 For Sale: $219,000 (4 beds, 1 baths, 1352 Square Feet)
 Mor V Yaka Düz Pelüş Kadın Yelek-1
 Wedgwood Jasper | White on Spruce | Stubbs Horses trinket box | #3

---

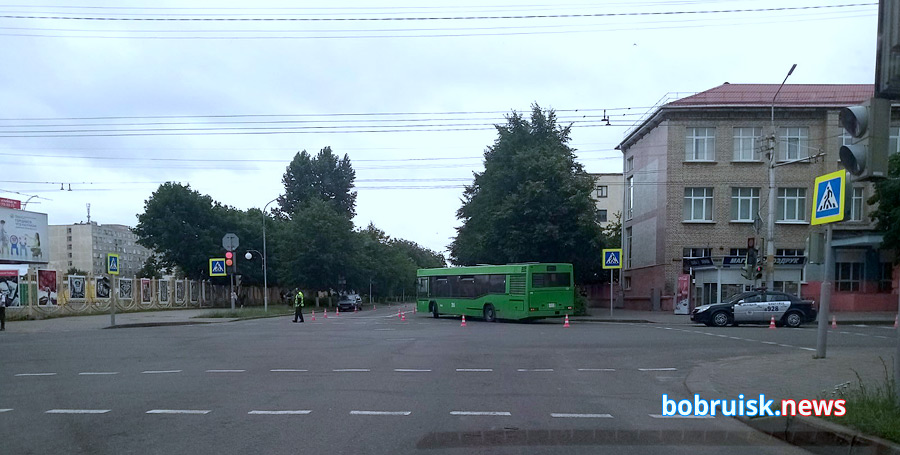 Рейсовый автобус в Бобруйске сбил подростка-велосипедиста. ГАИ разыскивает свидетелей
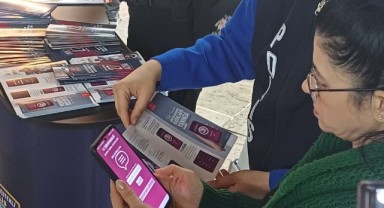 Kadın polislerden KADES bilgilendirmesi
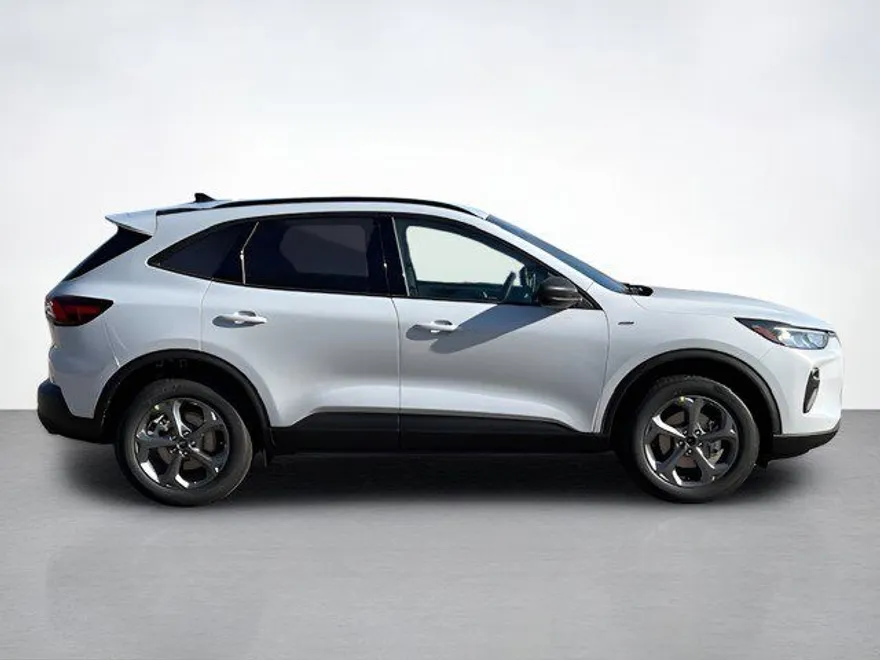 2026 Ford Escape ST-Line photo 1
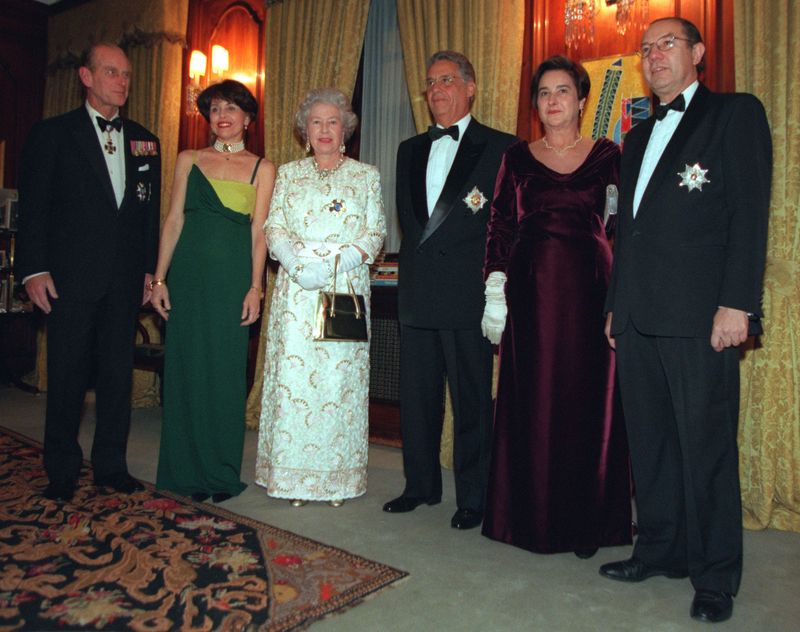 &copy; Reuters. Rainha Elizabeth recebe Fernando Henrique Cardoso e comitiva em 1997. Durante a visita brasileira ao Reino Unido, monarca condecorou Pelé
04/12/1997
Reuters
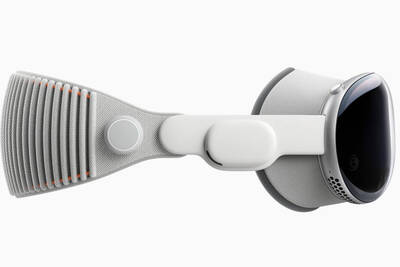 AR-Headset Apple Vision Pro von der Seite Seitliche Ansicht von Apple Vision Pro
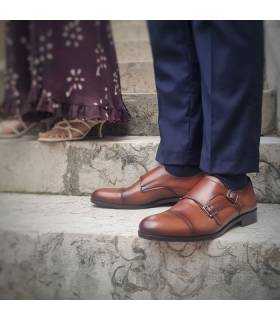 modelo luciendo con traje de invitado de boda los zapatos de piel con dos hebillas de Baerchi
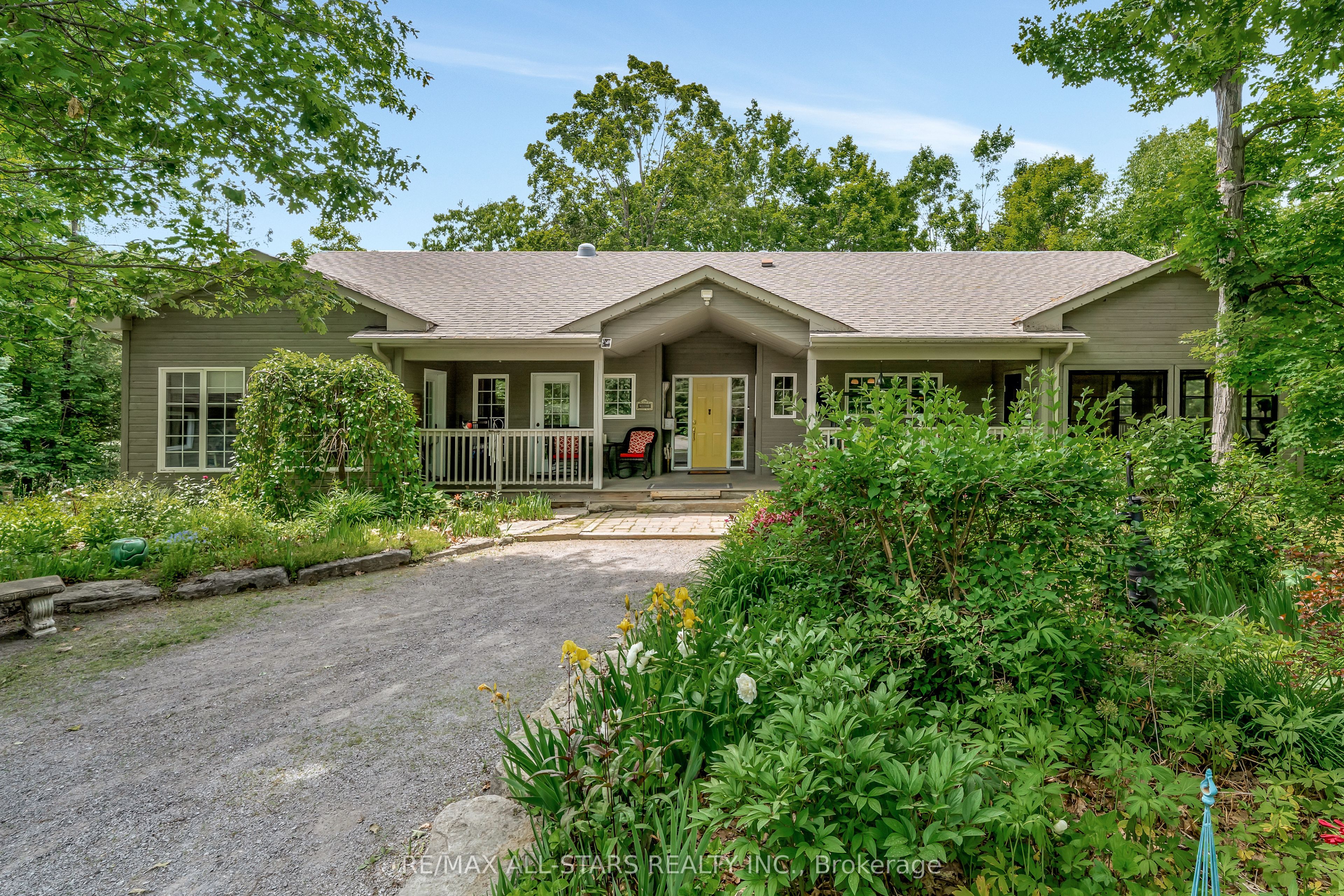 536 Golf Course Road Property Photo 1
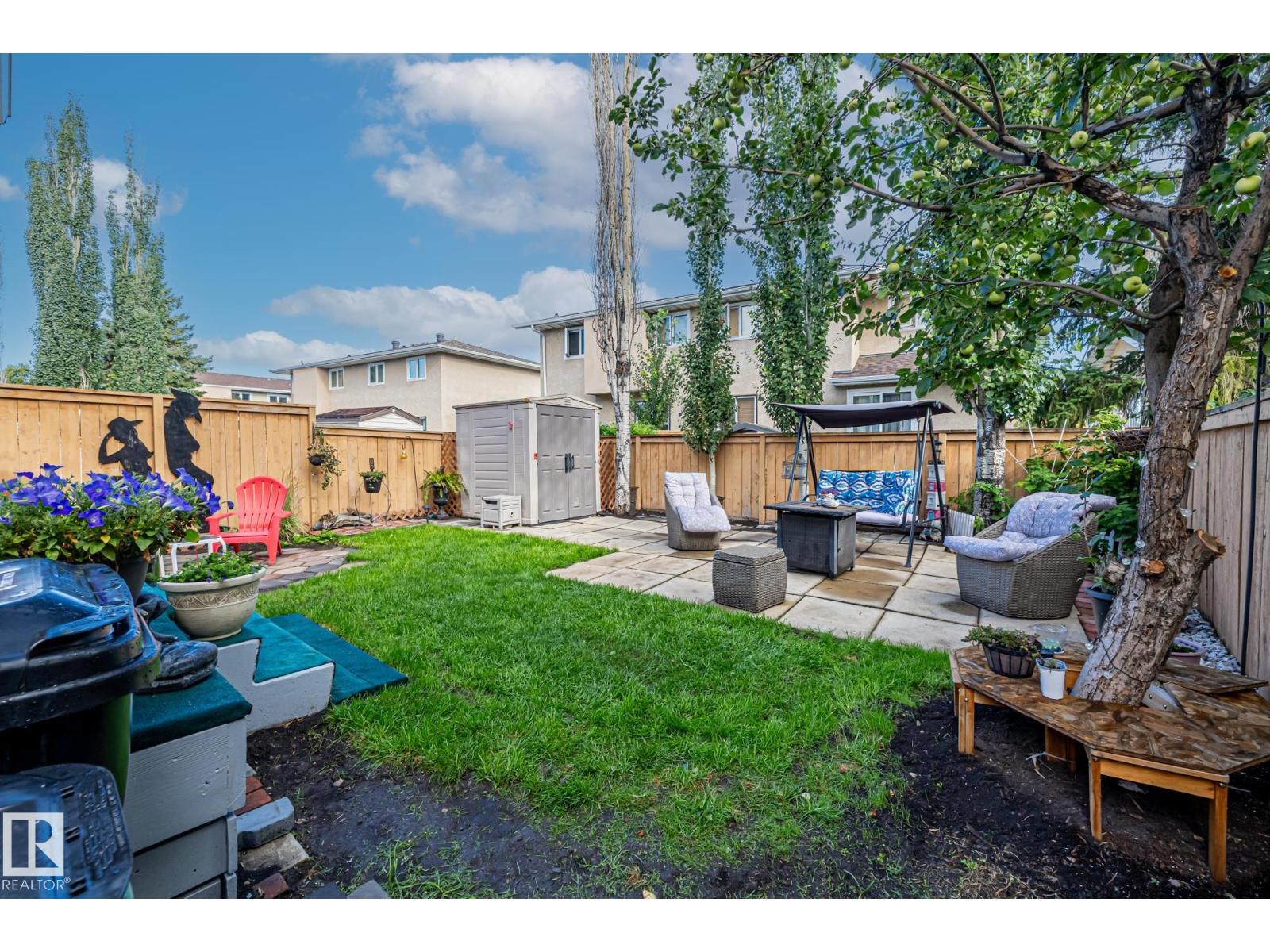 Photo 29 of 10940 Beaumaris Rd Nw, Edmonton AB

---

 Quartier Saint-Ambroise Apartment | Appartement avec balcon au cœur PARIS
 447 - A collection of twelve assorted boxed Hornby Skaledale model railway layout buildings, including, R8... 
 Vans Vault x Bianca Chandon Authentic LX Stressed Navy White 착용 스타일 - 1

PROMPT -
Take every line in the preceding listing that contains "White" and copy it.

RESPONSE TO THE EXERCISE -
 Wedgwood Jasper | White on Spruce | Stubbs Horses trinket box | #3
 Vans Vault x Bianca Chandon Authentic LX Stressed Navy White 착용 스타일 - 1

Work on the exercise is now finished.